Havia, portanto, uma certa resistência em abandonar as
tradições antigas em nome da "novidade" italiana. A
França, a Alemanha, Espanha, Inglaterra, Holanda e Portugal -
com sua arte tipicamente nacional, o manuelismo - permaneceram
fiéis aos seus próprios estilos até o cinquecento. Acredita-se
que as viagens de artistas europeus para os centros da cultura
renascentista na Itália, no século XVI, foi o fator que
possibilitou o contato com esse estilo de arte e a sua
penetração posterior nos países de origens desses viajantes. A
arquitetura provavelmente foi um dos maiores focos de
resistência, fora da Itália, ao estilo renascentista.
Normalmente a introdução desse novo tipo de construção
ocorreu por insistência de príncipes e nobres que, após
visitarem a Itália, queriam estar atualizados. Os resultados
são algumas construções fundamentalmente góticas, mas com
alguns traços renascentistas, concessão muito superficial ao
novo estilo. O pintor e artista gráfico alemão Albert Dürer é
considerado o principal nome do renascimento fora da Itália e
também um dos grandes responsáveis por espalhar essa escola na
Europa. Acreditava ser sua "missão" transportar os
ideais renascentistas à alma alemã, assimilado através de
viagens à Itália, para aprender com os grandes mestres. A
maneira como o artista, sem a mesma tradição italiana,
experimenta incansavelmente as regras de proporção humana, no
objetivo de atingir o equilíbrio proposto pelos renascentistas,
é admirável. A gravura de Adão e Eva é uma das que mais se
utilizam de suas descobertas nesse campo, sem contudo perder sua
própria tradição artística: há o nítido destaque de seus
contornos, contra o fundo escuro de uma floresta. Assinala a
adaptação dos ideais do sul a sua própria cultura. Suas
xilogravuras, bastante famosas, como a série
"Apocalipse", ilustrando o Apocalipse de São João, em
que descreve as visões aterradoras do evangelista, são tão
vigorosas que influenciam na própria aceitação da expressão
artística através de xilogravuras. "Os quatro cavalheiros
do Apocalipse", com temática e características da arte
gótica (cavalheiros sinistros, o inferno, o céu turbulento)
misturam-se aos seus estudos renascentistas, (principalmente aos
estudos de arte de Mantegna) e seu talento para transformar
imagens verbais em artes plásticas.

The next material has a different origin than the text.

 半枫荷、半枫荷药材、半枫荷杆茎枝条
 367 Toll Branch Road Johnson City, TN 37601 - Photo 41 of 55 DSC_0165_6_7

Interessante é contrapor
Dürer, ao outro principal artista alemão do período:
Grünewald, de quem temos poucos conhecimentos sobre sua vida. A
temática de seus trabalhos é fundamentalmente mística.
Apresenta um trabalho original, com composição e uso de cores
tão próprios que dificultam identificá-lo a uma escola.
Utiliza algumas técnicas renascentistas em sua composição, mas
não segue outros de seus preceitos: utiliza-as somente quando
elas se ajustam a seus próprios conceitos artísticos. O painel
central do "Altar de Isenheim" em que ele despreza
conceitos como equilíbrio de proporções e beleza em nome da
"significação espiritual" do mesmo, (apesar de
conhecer esses conceitos) nos dá uma noção de sua
assimilação seletiva aos ideais italianos. Dürer e Grünewald
exemplificam bem as diferentes maneiras como foi absorvida a
renascença fora da Itália.
Renascença
na Espanha
A
Espanha no século XVI era uma grande potência européia,
anexando a si territórios da Europa e América e extremamente
rica pelos tesouros trazidos do novo mundo. Foi um dos berços da
Contra Reforma que instituiu o Concílio de Trento, a
Inquisição e a forte ordem religiosa dos jesuítas. A
Renascença na Espanha, profundamente enraizada em seus próprios
estilos artísticos, que adaptava elementos góticos à sua
própria cultura, entrou através da intervenção de Charles V e
Philip II, no século XVI. Sua principal influência foi a escola
renascentista de Veneza. Charles V, que patronava o pintor
renascentista Ticiano, da escola de Veneza, demonstrava
admiração pelos preceitos artísticos italianos. Contratou,
para a construção de seu palácio em Granada, o arquiteto e
pintor Pedro Machucha. Determinou que a obra fosse realizada
utilizando-se dos padrões renascentistas de arquitetura.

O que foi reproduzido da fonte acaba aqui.